According to a story by Todd Gillman of the Dallas Morning News (registration required), DeLay's legal defense fund's receipts slowed to just $50,000 in the first quarter of this year, as compared to the $430,000 it took in for the last half of 2004. Since a major source of funds for his legal defense is members of Congress, you can't help but put one and one together and conclude that members of Congress don't want to be associated with him or his legal defense.

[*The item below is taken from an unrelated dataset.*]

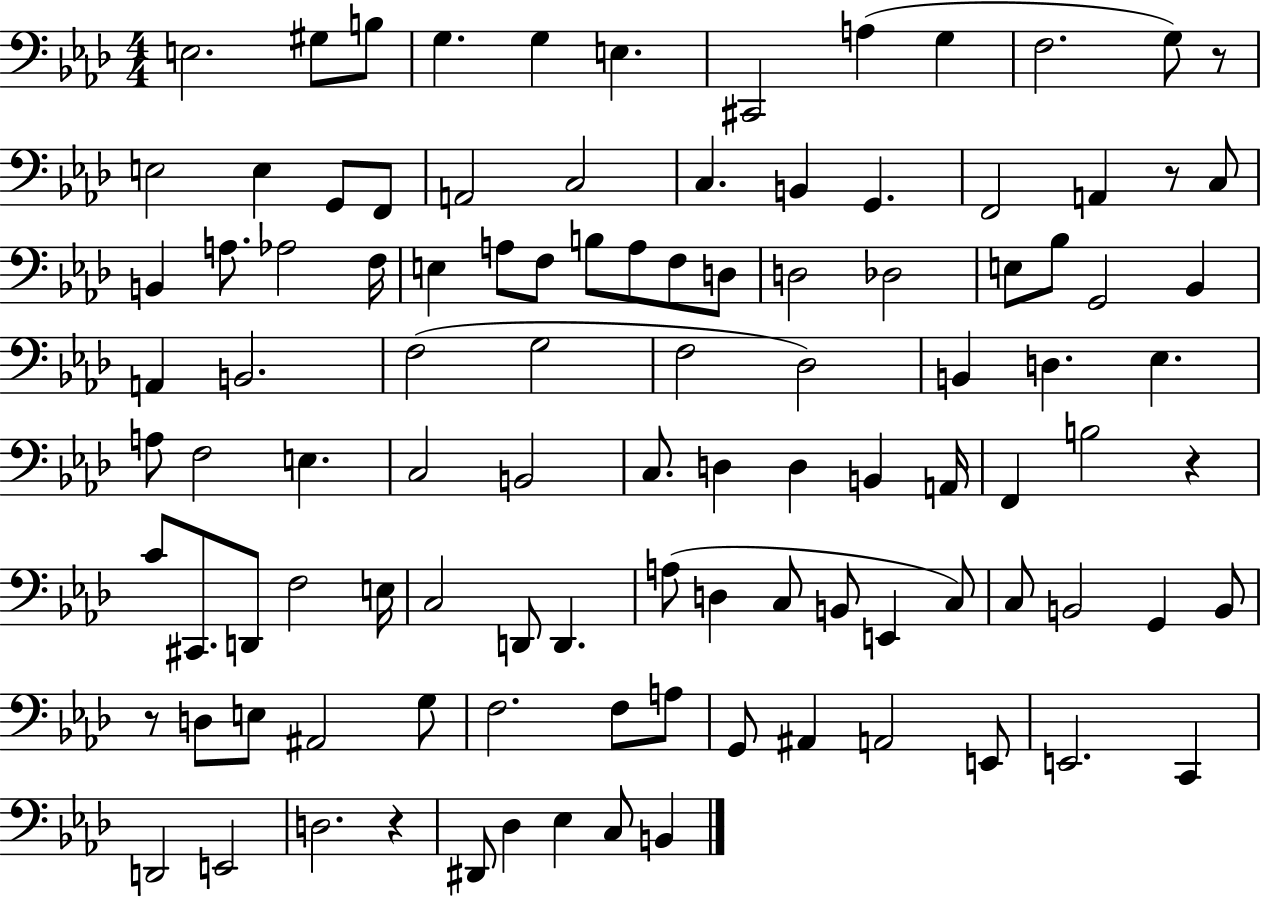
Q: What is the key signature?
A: AES major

Also, American Progress Action Fund released a series of reports on DeLay's paybacks to various industries and called on activists to demand that specific companies cut off their ties with DeLay. (My favorite is the one linked to "paybacks" -- we had something to do with that research and ran a radio ad on it last year in DeLay's district.) Gillman writes:
The latest barrage came Wednesday from the Center for American Progress. The Democratic think tank, founded by Bill Clinton's former chief of staff, John Podesta, launched a campaign to try to embarrass corporations that have helped pay Mr. DeLay's legal bills. Its new Web site, www.dropthehammer.org, spotlights donations from American Airlines, Bacardi USA, Nissan USA, RJ Reynolds and Verizon, and some of the legislation those companies have sought help with over the years.
"Consumers shouldn't have to facilitate Tom DeLay's unethical behavior with their purchases," said Laura Nichols, a vice president of the center. "We demand that these companies ask for their money back and drop their support of Tom DeLay."
At American Airlines, which gave $5,000 in late 2002, spokesman Tim Wagner said that "we were told that Mr. DeLay, a member of Congress from our headquarters state of Texas, was facing substantial legal bills that he was unable to pay personally because of their size and his limited resources." He added that American made no further donations.
None of the other four companies responded to messages.